Dans le premier article sur les ETF à éviter, j’ai montré que les ETF à effet de levier n’étaient pas une bonne idée pour une stratégie de long terme. Pour d’autres raisons, les ETF suivant les matières premières sont souvent à éviter, à moins, peut-être, d’être un véritable expert de ce sujet. Je fais un focus sur les ETF suivant le pétrole, ou plutôt tentant de suivre le pétrole, comme vous allez le voir dans la suite de cet article.

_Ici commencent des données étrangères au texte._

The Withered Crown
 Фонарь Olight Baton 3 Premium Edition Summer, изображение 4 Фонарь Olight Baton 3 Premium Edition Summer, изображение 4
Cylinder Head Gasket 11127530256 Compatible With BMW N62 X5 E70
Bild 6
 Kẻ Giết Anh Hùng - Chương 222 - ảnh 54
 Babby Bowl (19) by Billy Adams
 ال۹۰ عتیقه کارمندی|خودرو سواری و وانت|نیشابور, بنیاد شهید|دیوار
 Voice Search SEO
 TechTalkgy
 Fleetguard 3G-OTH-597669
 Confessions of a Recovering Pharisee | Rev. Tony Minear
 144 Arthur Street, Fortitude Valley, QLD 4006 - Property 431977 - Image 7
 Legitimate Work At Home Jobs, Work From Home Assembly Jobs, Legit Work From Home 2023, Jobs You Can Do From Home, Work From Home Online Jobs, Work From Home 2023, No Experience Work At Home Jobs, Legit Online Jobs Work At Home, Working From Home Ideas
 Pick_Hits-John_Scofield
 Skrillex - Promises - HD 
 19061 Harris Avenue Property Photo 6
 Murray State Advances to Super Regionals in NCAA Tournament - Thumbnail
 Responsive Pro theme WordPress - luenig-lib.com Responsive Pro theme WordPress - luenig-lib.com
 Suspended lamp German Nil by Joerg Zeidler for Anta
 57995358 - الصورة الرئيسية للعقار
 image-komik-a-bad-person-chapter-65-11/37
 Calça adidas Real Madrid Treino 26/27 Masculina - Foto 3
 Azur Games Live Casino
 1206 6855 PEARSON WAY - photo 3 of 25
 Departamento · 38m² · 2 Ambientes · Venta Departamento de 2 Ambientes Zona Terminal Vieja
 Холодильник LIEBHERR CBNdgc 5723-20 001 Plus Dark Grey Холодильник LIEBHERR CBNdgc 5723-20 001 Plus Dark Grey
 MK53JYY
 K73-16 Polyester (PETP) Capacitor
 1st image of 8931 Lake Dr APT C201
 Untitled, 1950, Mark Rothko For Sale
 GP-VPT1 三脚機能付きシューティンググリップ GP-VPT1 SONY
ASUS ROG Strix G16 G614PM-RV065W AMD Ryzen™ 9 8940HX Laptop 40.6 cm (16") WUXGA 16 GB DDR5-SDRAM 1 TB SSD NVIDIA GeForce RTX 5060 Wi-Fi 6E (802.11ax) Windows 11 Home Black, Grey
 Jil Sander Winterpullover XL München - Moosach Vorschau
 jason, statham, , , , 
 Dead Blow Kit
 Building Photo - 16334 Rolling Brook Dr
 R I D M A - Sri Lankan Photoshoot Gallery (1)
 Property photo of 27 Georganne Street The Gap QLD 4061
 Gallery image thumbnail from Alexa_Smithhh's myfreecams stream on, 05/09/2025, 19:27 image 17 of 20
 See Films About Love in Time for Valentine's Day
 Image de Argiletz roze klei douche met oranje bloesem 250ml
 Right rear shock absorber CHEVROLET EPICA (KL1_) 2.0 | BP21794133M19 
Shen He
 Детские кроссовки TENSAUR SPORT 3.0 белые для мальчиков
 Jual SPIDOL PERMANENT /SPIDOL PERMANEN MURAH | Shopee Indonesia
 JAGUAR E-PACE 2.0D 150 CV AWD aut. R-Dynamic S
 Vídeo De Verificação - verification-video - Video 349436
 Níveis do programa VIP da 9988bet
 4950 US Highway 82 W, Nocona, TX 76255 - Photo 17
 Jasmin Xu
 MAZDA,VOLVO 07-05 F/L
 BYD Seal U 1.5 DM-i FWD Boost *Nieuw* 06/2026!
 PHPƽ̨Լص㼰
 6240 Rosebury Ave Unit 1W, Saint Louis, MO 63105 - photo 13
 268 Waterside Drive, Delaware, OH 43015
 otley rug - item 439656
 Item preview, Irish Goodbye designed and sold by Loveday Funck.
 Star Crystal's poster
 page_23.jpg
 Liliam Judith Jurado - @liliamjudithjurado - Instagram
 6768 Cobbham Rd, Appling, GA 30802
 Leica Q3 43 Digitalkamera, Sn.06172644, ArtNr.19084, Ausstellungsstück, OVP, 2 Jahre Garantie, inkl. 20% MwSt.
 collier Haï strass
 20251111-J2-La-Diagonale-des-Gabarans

Du pour et du contre pour investir sur cette classe d’actif

Avant de parler des ETF en particulier, parlons de la casse d’actif « matières premières ». Elles peuvent théoriquement avoir un intérêt dans un portefeuille financier, car elles sont peu corrélées aux autres classes d’actifs que ce soit les actions et les obligations. Ainsi, de grands auteurs sur le Lazy Investing considèrent que l’or peut être intéressant. Cependant, d’autres spécialistes, et c’est plutôt mon avis, considèrent que l’intérêt est limité. En effet, vous le savez, l’or et les matières premières ne procurent ni intérêts ni dividendes. Ainsi, vous allez gagner (ou perdre), que par l’évolution du prix. Il s’agit donc plus d’une forme de spéculation que d’investissement. On peut contre argumenter en disant, par exemple, que le pétrole est une ressource finie, et est donc vouée à monter sur le long terme. Évidemment, sur le court terme, ce n’est pas complètement évident.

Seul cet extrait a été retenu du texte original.